Aileler için ideal olan Taşlık Plajı’nın yanı başında, Kent Park bulunuyor. Burada çocuklarınız oyun alanlarında eğlenirken, siz de kafe ve restoranlardan birinde yemek yiyebilir, şezlong ve şemsiye kiralayabilirsiniz. Ancak park içinde piknik yapmanın yasak olduğunu unutmayın. Taşlık Plajı’na giriş ücretsiz; kendi eşyalarınızı getirip gün boyu burada vakit geçirebilirsiniz.
Kumluk Plajı
Datça limanına yakın bir başka güzellik de Kumluk Plajı. Hastanealtı Plajı’ndan yürüyerek ulaşılan bu plaj, özellikle yüzme bilmeyenler ve çocuklu aileler için ideal. Sığ deniziyle bilinen Kumluk Plajı’nda rahatça yüzebilirsiniz.
Plajın hemen arkasında yer alan kafe ve restoranlar, akşam saatlerinde şezlong ve şemsiyeleri toplayıp yerlerine masalar kuruyor. Böylece akşam güneşinin keyfini çıkartırken, bir yandan da deniz manzarasına karşı yemek yiyebilirsiniz. Ancak burada gün boyu denize girip rahatlamak isteyenleri, suların hızla derinleşmeyişi tatmin etmeyebilir.
Kargı Koyu
Datça’nın merkezine sadece 2-3 kilometre mesafede olan Kargı Koyu, etrafı orman ve dağlarla sarılı olduğu için kuzey rüzgarlarını kesiyor ve denizi daima durgun kalıyor. Koyun girişindeki okaliptüs ağaçları ise buranın güzelliğine güzellik katıyor.

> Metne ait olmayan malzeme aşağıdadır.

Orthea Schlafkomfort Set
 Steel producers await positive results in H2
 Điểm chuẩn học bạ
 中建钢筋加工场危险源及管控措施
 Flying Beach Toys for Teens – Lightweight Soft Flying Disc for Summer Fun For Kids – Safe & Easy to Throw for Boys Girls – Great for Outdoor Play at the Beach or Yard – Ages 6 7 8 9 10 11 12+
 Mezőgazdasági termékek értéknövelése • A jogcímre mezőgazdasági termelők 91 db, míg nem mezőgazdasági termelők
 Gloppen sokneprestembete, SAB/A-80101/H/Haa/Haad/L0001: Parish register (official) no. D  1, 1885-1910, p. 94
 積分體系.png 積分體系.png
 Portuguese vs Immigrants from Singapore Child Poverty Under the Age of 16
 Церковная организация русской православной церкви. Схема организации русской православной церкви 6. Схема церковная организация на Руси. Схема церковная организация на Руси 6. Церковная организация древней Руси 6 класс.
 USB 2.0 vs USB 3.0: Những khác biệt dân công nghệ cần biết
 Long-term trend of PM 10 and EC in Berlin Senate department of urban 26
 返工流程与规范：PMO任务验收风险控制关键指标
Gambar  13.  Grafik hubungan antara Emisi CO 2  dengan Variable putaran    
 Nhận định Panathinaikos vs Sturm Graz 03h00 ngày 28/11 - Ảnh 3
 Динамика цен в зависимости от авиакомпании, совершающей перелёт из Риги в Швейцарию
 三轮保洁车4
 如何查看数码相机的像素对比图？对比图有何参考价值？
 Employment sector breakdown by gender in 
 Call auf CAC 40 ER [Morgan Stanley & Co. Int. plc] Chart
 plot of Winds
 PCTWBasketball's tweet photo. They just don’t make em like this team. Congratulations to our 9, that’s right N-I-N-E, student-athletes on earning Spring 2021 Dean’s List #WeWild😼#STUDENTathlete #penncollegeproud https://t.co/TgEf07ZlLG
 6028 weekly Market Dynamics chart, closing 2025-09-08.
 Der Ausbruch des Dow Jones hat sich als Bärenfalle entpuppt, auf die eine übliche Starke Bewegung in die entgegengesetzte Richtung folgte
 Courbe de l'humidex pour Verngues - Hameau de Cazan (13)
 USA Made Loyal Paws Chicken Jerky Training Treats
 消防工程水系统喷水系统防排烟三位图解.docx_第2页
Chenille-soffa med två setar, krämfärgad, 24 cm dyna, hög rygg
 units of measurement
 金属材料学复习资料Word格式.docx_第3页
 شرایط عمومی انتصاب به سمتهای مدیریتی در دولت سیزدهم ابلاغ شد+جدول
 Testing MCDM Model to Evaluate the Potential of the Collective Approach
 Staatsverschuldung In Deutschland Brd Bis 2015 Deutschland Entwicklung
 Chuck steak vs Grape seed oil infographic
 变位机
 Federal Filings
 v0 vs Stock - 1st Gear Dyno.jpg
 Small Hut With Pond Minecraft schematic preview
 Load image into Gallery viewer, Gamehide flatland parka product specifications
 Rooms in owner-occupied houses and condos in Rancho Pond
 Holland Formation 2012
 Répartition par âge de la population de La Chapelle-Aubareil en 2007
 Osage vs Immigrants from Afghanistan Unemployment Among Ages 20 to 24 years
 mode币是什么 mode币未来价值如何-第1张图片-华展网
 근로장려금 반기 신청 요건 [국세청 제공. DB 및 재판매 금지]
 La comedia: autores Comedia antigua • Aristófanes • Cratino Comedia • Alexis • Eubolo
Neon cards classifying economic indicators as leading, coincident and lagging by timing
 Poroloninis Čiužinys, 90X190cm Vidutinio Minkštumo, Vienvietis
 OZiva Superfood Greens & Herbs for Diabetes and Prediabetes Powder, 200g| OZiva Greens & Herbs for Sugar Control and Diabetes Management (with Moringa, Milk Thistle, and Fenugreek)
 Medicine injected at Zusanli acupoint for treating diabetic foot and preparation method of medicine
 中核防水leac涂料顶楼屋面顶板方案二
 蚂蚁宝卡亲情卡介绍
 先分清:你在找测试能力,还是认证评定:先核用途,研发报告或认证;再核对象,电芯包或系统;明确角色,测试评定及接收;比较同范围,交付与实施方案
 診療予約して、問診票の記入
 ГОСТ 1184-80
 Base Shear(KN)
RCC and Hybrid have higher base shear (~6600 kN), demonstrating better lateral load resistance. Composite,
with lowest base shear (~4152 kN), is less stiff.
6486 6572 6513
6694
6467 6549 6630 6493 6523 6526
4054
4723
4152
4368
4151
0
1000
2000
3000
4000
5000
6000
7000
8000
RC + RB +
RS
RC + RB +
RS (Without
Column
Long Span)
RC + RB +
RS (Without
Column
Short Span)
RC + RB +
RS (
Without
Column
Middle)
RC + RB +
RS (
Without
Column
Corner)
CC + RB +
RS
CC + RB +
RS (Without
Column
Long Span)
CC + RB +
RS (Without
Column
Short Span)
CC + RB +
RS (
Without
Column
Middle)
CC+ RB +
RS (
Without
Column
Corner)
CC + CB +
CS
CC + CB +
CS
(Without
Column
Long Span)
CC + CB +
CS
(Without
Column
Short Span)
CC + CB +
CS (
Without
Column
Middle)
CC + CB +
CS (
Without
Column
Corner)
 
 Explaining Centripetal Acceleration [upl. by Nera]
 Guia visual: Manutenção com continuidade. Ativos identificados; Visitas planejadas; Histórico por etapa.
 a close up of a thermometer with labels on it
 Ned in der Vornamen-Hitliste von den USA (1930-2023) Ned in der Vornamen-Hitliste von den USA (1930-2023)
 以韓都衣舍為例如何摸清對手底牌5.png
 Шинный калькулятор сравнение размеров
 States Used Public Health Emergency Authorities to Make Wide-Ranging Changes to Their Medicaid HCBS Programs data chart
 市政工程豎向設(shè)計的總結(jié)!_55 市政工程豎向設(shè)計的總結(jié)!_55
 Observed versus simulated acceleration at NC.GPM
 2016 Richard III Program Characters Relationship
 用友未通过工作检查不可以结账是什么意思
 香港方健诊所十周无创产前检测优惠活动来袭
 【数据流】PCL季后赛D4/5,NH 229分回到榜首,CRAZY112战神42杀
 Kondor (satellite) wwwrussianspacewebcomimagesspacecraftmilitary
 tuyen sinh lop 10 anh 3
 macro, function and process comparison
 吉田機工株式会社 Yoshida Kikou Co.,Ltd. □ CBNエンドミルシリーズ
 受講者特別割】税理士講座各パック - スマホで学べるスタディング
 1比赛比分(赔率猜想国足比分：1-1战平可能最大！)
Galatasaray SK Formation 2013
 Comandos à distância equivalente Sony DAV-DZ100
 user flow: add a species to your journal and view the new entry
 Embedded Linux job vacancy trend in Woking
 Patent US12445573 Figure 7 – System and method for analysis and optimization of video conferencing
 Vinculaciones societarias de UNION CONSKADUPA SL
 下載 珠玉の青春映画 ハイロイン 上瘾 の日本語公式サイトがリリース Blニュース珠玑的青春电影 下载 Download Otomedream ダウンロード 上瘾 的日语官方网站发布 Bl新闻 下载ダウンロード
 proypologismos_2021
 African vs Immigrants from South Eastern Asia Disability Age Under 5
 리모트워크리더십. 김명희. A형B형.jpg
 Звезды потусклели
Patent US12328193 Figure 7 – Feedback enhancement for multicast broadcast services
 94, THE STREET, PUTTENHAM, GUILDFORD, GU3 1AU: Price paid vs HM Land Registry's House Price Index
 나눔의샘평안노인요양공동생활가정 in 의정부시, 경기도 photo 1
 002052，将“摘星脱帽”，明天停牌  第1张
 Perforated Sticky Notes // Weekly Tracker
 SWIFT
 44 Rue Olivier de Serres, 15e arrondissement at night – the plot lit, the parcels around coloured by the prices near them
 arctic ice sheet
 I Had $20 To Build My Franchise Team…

Kargı Koyu’na merkezden yürüyerek sadece yarım saatte veya minibüslerle daha kısa sürede ulaşabilirsiniz. Yerin altından kaynayan tatlı su kaynağı, denizin biraz soğuk olmasına neden oluyor. Deniz ayakkabısı olmadan girilmemesi gereken taşlık bir zemine sahip olan Koy, özellikle yaz aylarında oldukça kalabalık oluyor.